共演している池田ヒトシさんは海外映画ドラマの吹き替えなどでも活躍されている。

池田ヒトシさんも演出の吉田テツタさんも家に帰れば、子供があり父親もしている。
どちらも結婚したり学生だったり大きくなっていて、去年の夏に初めて子供が産れた僕にとって二人は俳優としても父親としても先輩なのだ。

芝居を続けながら、生きる。

一般的に見たら俳優業なんて遊んで楽しく明るくやっているようでも同じ役者を生業(なりわい)としてきた僕には、その大変さが想像に難くない。生活して子供を育てて、芝居もするなんて、しかもそれを続けてきたなんて。

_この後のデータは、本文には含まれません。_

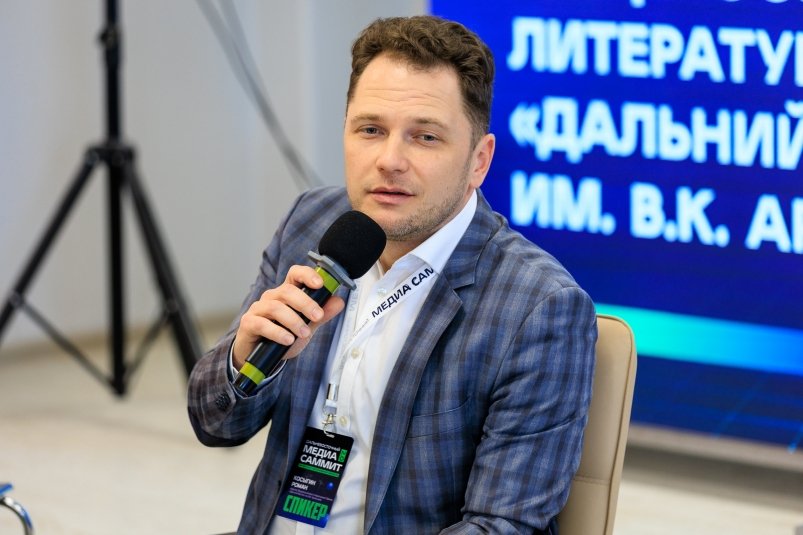 Круглый стол Премии имени Арсеньева в Биробиджане. Роман Косыгин Кулешов Евгений, ИА PrimaMedia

好き、だけじゃ生きてはいけない。だが好きは、確実に生きる力になる。

新しい稽古場は、

道路を跨いだ商店街通りを
ただ真っ直ぐに歩いた、そこにある。

もうかなり歩いた、そろそろかと思いきや、まだつかない。
スマホのナビでは、この辺りだ。

横断歩道を渡ったところで、ひょろりと歩く
共演者の日暮くんがこっちに向かって見えた。
「おはようございます」
「劇場この辺だっけ?」
「ああ、多分。」

小劇場のあるある。道と街に埋もれて、迷う。

コロナ禍、稽古場には特に苦労していた。
一月始めからの緊急事態宣言により次々と自粛閉鎖する区民センターの稽古場をジプシーをしていた僕らは、なんと偶然、空くことになった劇場のスタジオを二週間借りられることになった。三月公演への首が繋がった感じだ。

「多分、反対です。もうすぐですよ」
やっぱり僕は行き過ぎていた。
引き返して、見逃していた目印の玩具屋が見えた。
稽古時間には、まだ早いので少し待つことにした。

目白にある「風姿花伝」という小屋。

通りから玩具屋入り口のガラス窓にはプラモデルやウルトラマンのソフビ人形が並び飾られ小綺麗に置いあり、どこか昭和の懐かしい香りがする。この細い階段を上がると劇場だ。おもちゃ屋の2階が劇場という面白い建物だ。劇場の掲示板はコロナの影響だろう上演ポスターは貼っていない。何度かこの劇場へ演劇を観た来たことがあるが劇場の灯が消えていることは、寂しい。

劇場の上階は一般のマンションなのもあって、
下北沢の本多劇場を思い出した。

ちなみに本多劇場は、知る人ぞ知る昭和演劇の殿堂だ。
巨大なマンションの建物に入った劇場で幾つかの商店も中二階入り一階スペースの殆どを総合雑貨屋のビレッジ・ヴァンガードが入っていその上にある中ホール。地下には駐車場もある。ヴィレ・ヴァンで雑貨屋や書籍などを観て時間をつぶし、芝居をみると、まるでカルチャーでポップな時間が送れた。数々の伝説的な劇団や公演を役者を世に送り出してきた80年代から演劇の象徴的場所。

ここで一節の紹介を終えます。